Dataset excerpts Start Marker
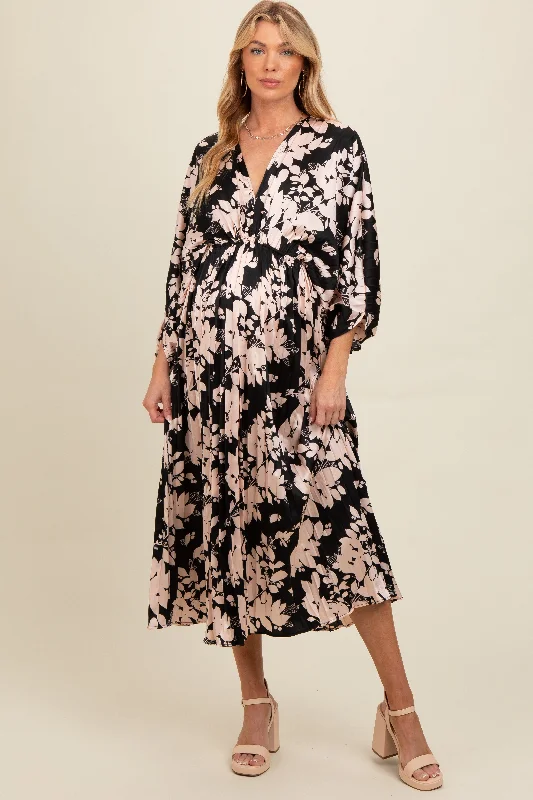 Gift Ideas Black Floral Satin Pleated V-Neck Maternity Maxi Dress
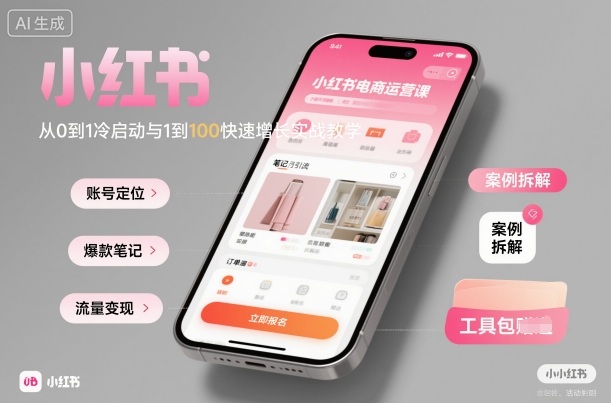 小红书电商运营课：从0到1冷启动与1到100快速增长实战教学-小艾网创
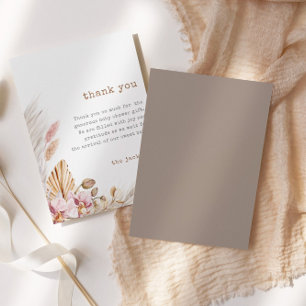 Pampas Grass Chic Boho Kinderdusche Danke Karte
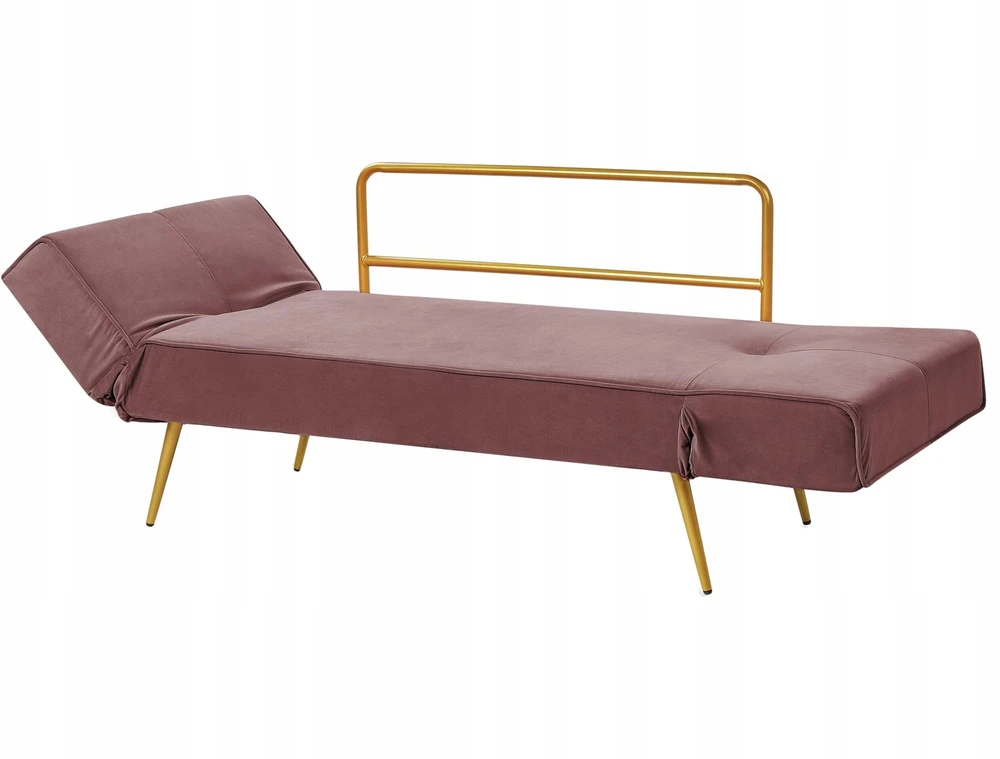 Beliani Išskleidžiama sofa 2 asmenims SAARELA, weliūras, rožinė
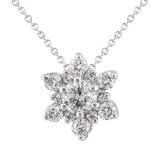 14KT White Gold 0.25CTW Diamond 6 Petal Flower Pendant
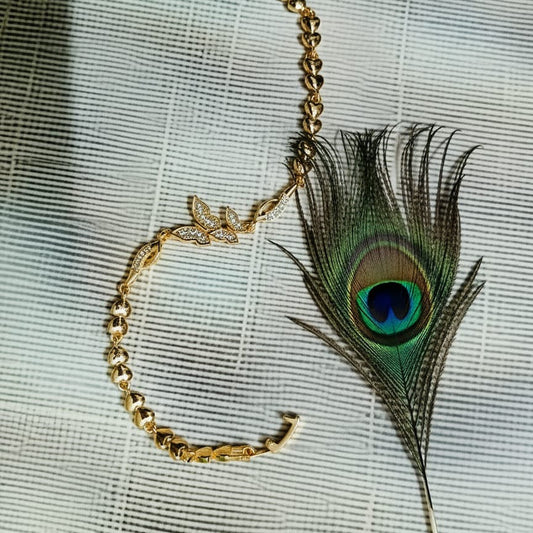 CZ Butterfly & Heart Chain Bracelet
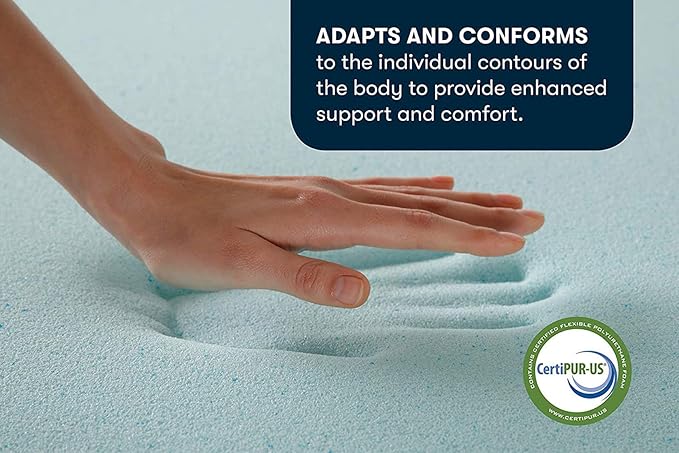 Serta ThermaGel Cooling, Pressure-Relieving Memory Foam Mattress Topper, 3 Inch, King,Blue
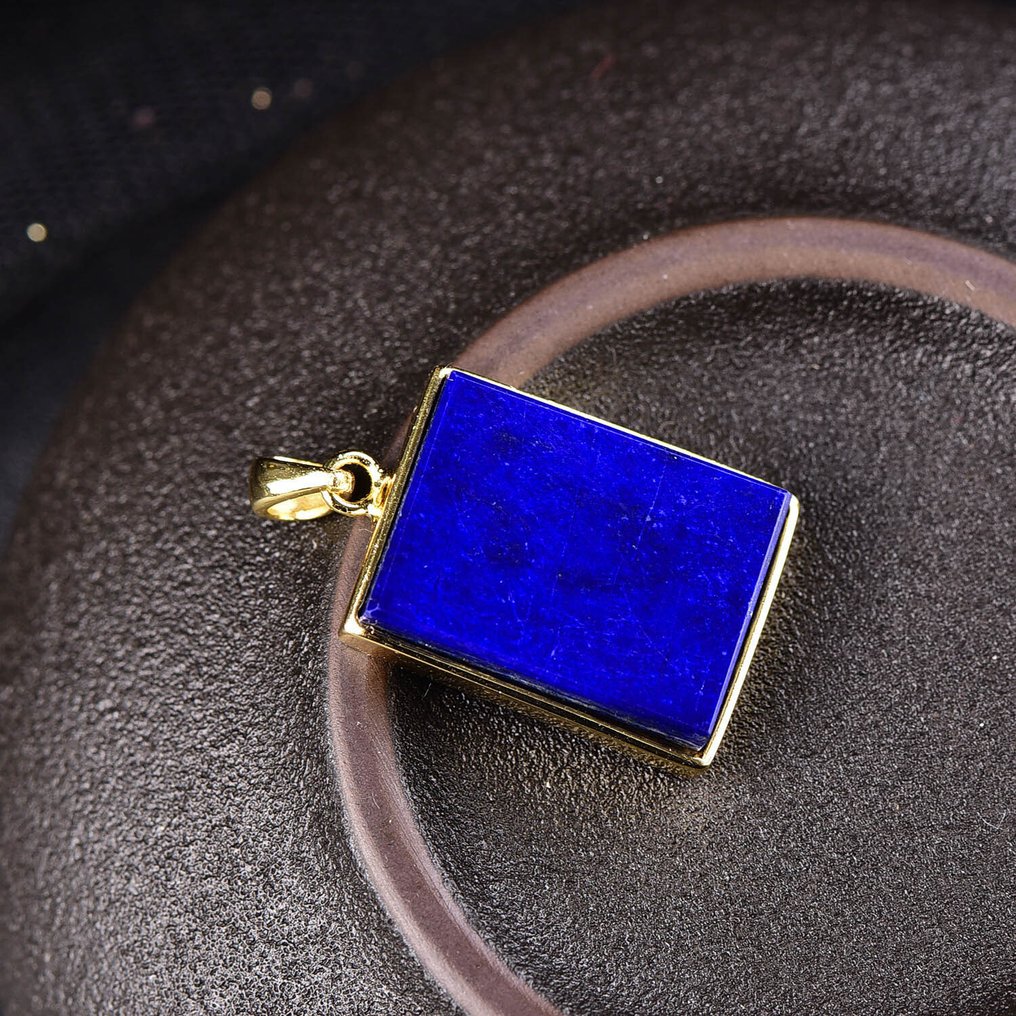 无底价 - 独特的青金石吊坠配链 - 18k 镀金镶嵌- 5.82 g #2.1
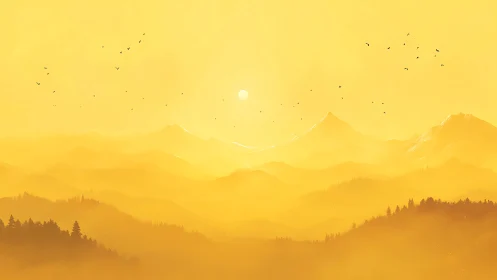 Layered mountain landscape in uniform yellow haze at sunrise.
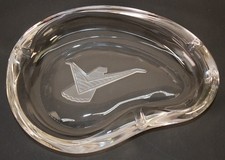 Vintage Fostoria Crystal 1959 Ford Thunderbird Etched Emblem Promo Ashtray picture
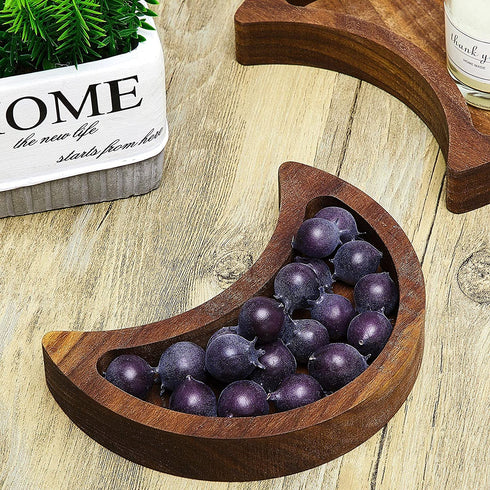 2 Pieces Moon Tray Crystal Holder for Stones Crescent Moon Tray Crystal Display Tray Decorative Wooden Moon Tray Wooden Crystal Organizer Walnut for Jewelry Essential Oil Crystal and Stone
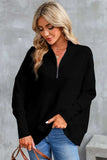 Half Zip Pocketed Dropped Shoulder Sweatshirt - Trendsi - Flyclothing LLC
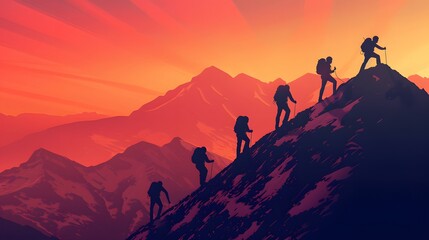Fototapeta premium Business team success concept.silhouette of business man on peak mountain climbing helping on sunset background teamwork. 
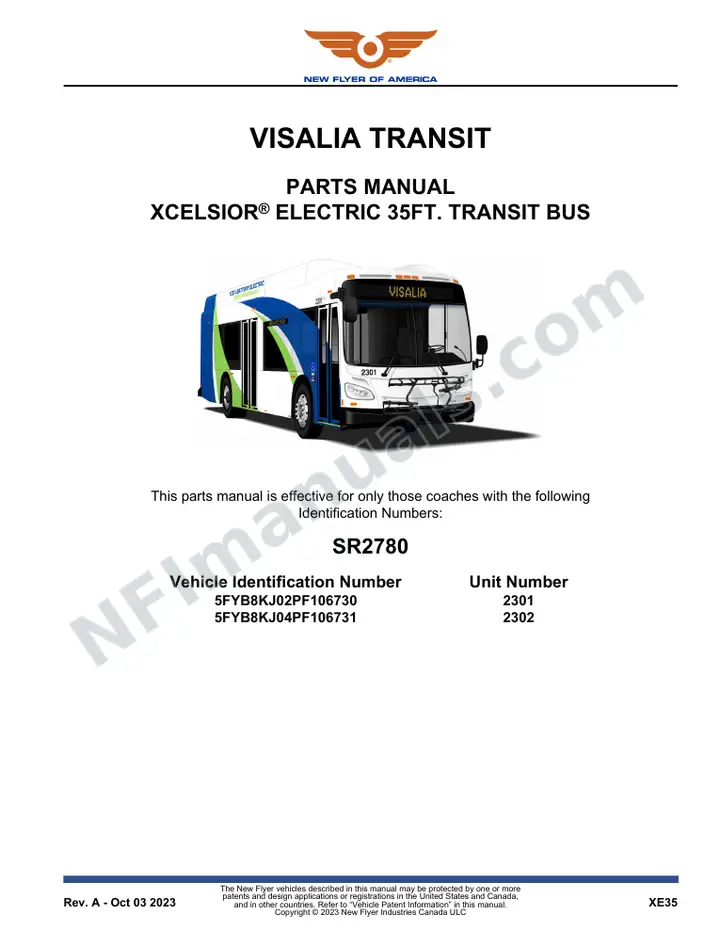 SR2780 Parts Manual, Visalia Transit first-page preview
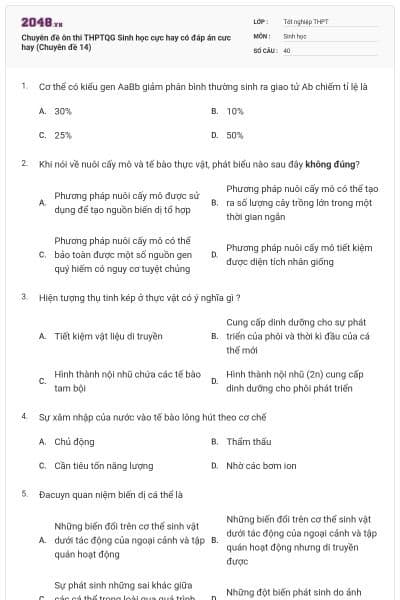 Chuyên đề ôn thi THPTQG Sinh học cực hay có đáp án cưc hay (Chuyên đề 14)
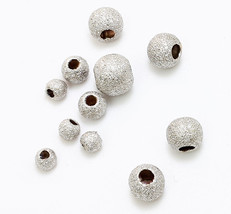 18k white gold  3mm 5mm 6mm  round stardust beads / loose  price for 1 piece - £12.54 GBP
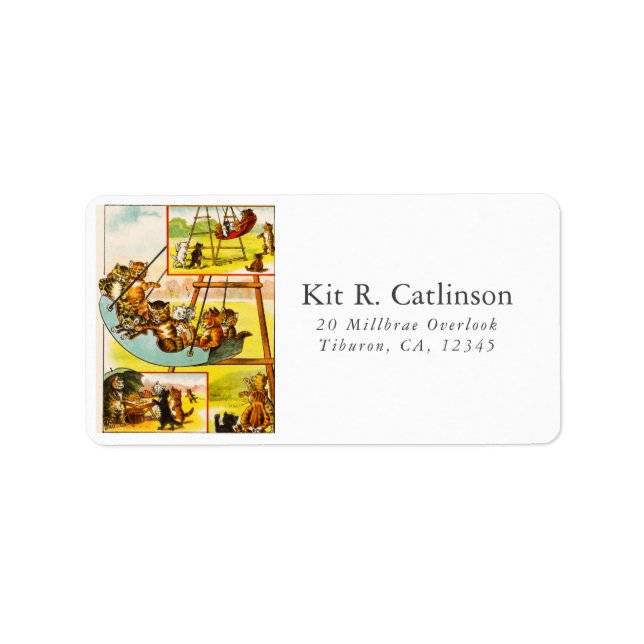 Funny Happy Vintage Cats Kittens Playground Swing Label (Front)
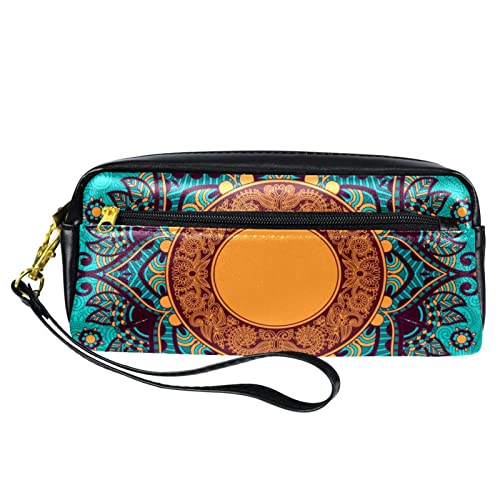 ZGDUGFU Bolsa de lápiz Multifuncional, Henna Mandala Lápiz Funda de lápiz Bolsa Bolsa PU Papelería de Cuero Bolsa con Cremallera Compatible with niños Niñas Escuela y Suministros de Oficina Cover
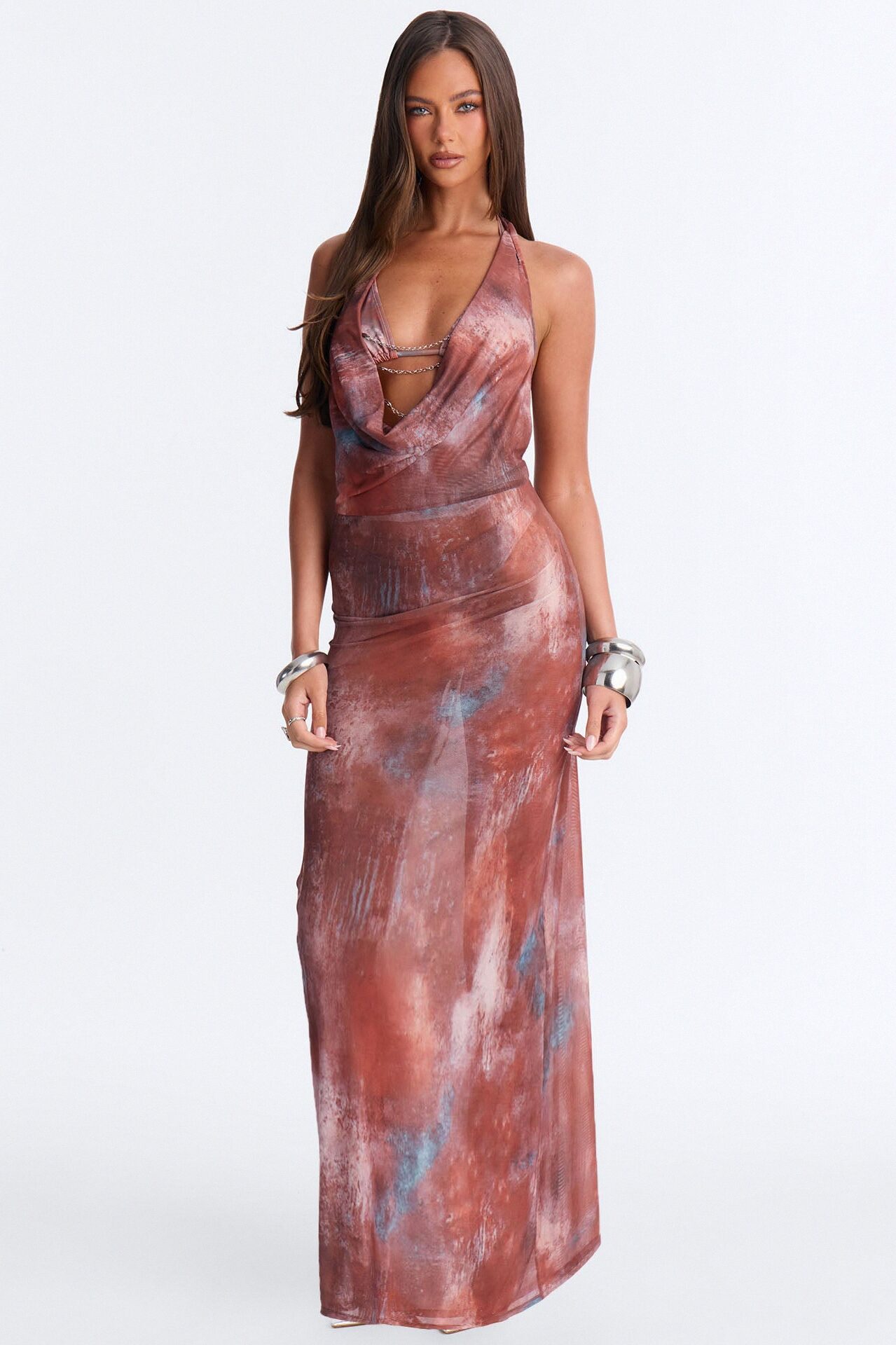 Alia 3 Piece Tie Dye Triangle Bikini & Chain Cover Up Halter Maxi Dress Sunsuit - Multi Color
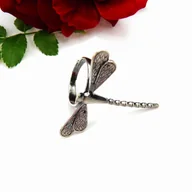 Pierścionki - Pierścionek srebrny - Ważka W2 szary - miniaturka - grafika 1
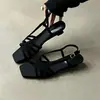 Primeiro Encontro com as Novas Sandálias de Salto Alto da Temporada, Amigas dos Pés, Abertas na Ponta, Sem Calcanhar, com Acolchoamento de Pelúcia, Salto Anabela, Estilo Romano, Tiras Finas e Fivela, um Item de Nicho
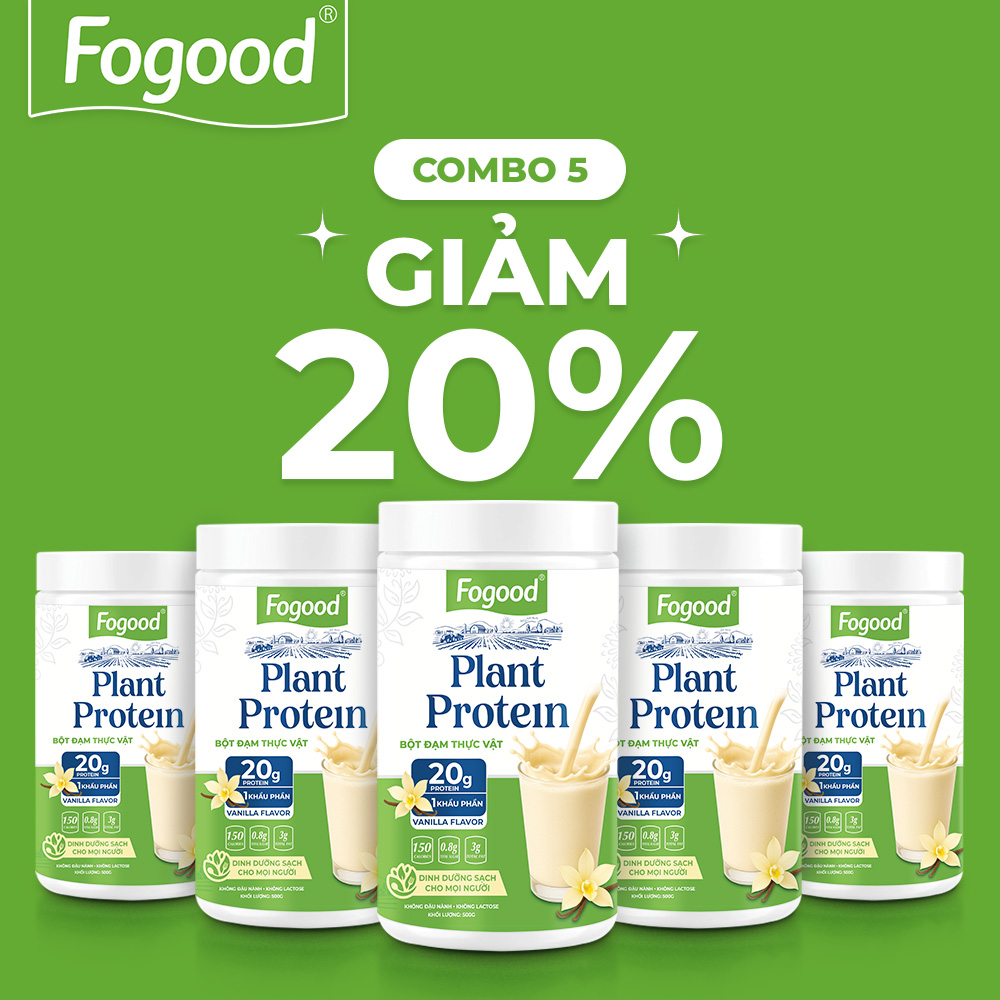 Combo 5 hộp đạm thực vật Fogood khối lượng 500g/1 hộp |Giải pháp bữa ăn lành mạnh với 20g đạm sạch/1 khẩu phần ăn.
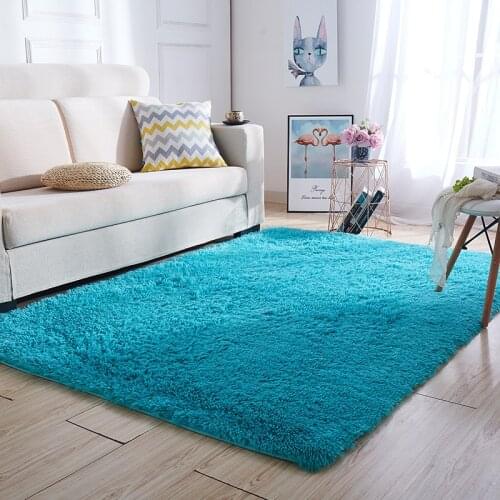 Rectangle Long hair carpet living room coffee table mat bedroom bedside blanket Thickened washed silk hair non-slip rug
Dataset excerpts End Marker
**Exercise details:**
Each line in the records above should be reproduced exactly; images are not copied.

**Result:**
 Gift Ideas Black Floral Satin Pleated V-Neck Maternity Maxi Dress
 小红书电商运营课：从0到1冷启动与1到100快速增长实战教学-小艾网创
 Pampas Grass Chic Boho Kinderdusche Danke Karte
 Beliani Išskleidžiama sofa 2 asmenims SAARELA, weliūras, rožinė
 14KT White Gold 0.25CTW Diamond 6 Petal Flower Pendant
 CZ Butterfly & Heart Chain Bracelet
 Serta ThermaGel Cooling, Pressure-Relieving Memory Foam Mattress Topper, 3 Inch, King,Blue
 无底价 - 独特的青金石吊坠配链 - 18k 镀金镶嵌- 5.82 g #2.1
 Layered mountain landscape in uniform yellow haze at sunrise.
 Vintage Fostoria Crystal 1959 Ford Thunderbird Etched Emblem Promo Ashtray picture
 2 Pieces Moon Tray Crystal Holder for Stones Crescent Moon Tray Crystal Display Tray Decorative Wooden Moon Tray Wooden Crystal Organizer Walnut for Jewelry Essential Oil Crystal and Stone
 Half Zip Pocketed Dropped Shoulder Sweatshirt - Trendsi - Flyclothing LLC
Fototapeta premium Business team success concept.silhouette of business man on peak mountain climbing helping on sunset background teamwork. 
 SR2780 Parts Manual, Visalia Transit first-page preview
 Chuyên đề ôn thi THPTQG Sinh học cực hay có đáp án cưc hay (Chuyên đề 14)
 18k white gold  3mm 5mm 6mm  round stardust beads / loose  price for 1 piece - £12.54 GBP
 Funny Happy Vintage Cats Kittens Playground Swing Label (Front)
 ZGDUGFU Bolsa de lápiz Multifuncional, Henna Mandala Lápiz Funda de lápiz Bolsa Bolsa PU Papelería de Cuero Bolsa con Cremallera Compatible with niños Niñas Escuela y Suministros de Oficina Cover
 Alia 3 Piece Tie Dye Triangle Bikini & Chain Cover Up Halter Maxi Dress Sunsuit - Multi Color
 Pierścionki - Pierścionek srebrny - Ważka W2 szary - miniaturka - grafika 1
 Primeiro Encontro com as Novas Sandálias de Salto Alto da Temporada, Amigas dos Pés, Abertas na Ponta, Sem Calcanhar, com Acolchoamento de Pelúcia, Salto Anabela, Estilo Romano, Tiras Finas e Fivela, um Item de Nicho
 Combo 5 hộp đạm thực vật Fogood khối lượng 500g/1 hộp |Giải pháp bữa ăn lành mạnh với 20g đạm sạch/1 khẩu phần ăn.
 Rectangle Long hair carpet living room coffee table mat bedroom bedside blanket Thickened washed silk hair non-slip rug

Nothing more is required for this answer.